Guide head and work lights...
Stewart Warner gauges...
French & Hecht wheels...
Goodyear or BF Goodrich rubber...
build your own front axle and steering linkages...
make your own 3 point hitch unit... 
a steering column and throttle linkages...
fenders, floorboards and brake and clutch pedals and linkages...
stamp out a fuel tank and hood and grille and dash to match your bigger tractors...
annnd... 


TADAA!!! 





The only thing you really have to make is the frame, front axle and steering linkages, 3 point hitch, drawbar assembly, sheet metal, and all the bracketry to tie it all together.
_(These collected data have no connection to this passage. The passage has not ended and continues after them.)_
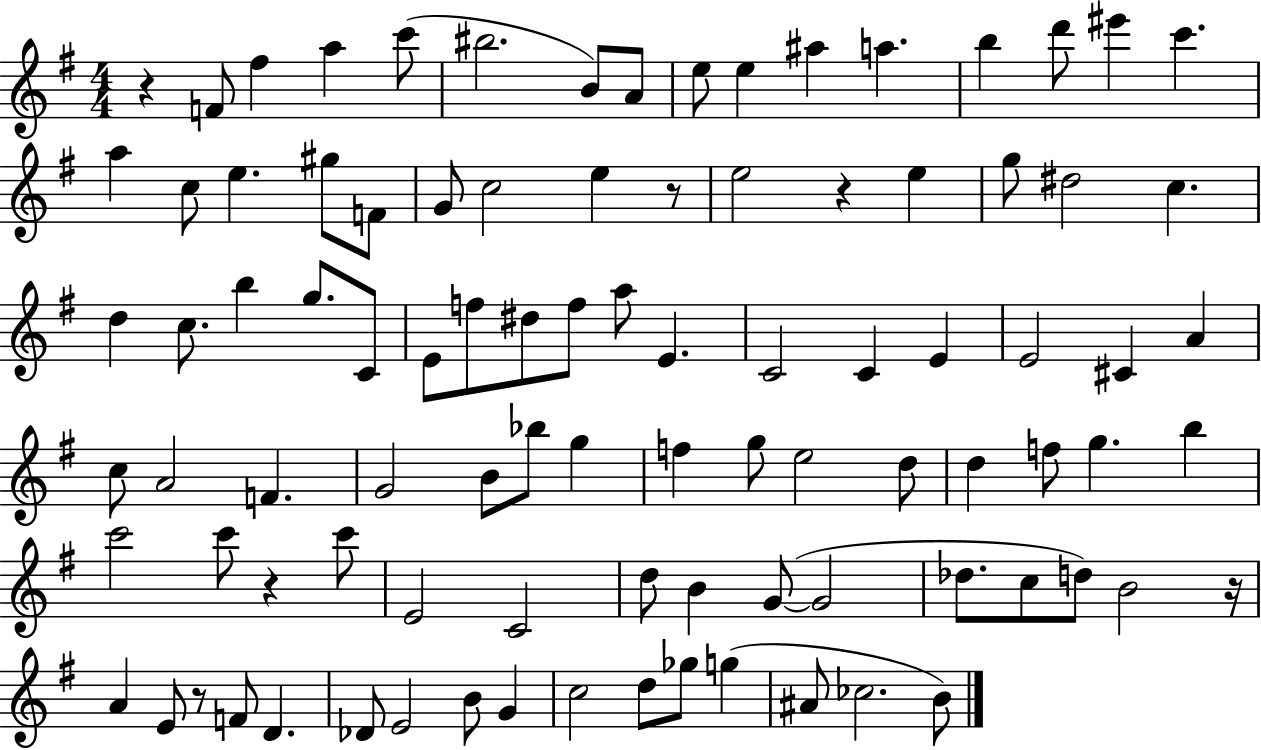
X:1
T:Untitled
M:4/4
L:1/4
K:G
z F/2 ^f a c'/2 ^b2 B/2 A/2 e/2 e ^a a b d'/2 ^e' c' a c/2 e ^g/2 F/2 G/2 c2 e z/2 e2 z e g/2 ^d2 c d c/2 b g/2 C/2 E/2 f/2 ^d/2 f/2 a/2 E C2 C E E2 ^C A c/2 A2 F G2 B/2 _b/2 g f g/2 e2 d/2 d f/2 g b c'2 c'/2 z c'/2 E2 C2 d/2 B G/2 G2 _d/2 c/2 d/2 B2 z/4 A E/2 z/2 F/2 D _D/2 E2 B/2 G c2 d/2 _g/2 g ^A/2 _c2 B/2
Even the seat pan and steering wheel would be vendor items. The biggest deal by far would be the hydraulic tower for the 3 point hitch. And chances are you could find one of those ready made too if you really tried. America was an industrial powerhouse in those days, and if you really wanted it you could find it. Even the Cockshutt 30 was built this way. The entire rear end in the Cockshutt 30 was a ready-built vendor item: a Timken unit, designed and built by the Timken bearing company, and used in other tractors such as the Long Model A, the Intercontinental C-26, Farmaster FG-33, and the Sheppard Diesel SD3. They cast their own tub frame and front axle, stamped out fancy body panels, and added all the ancillary hardware odds and ends, and there was the snazzy new Cockshutt 30. 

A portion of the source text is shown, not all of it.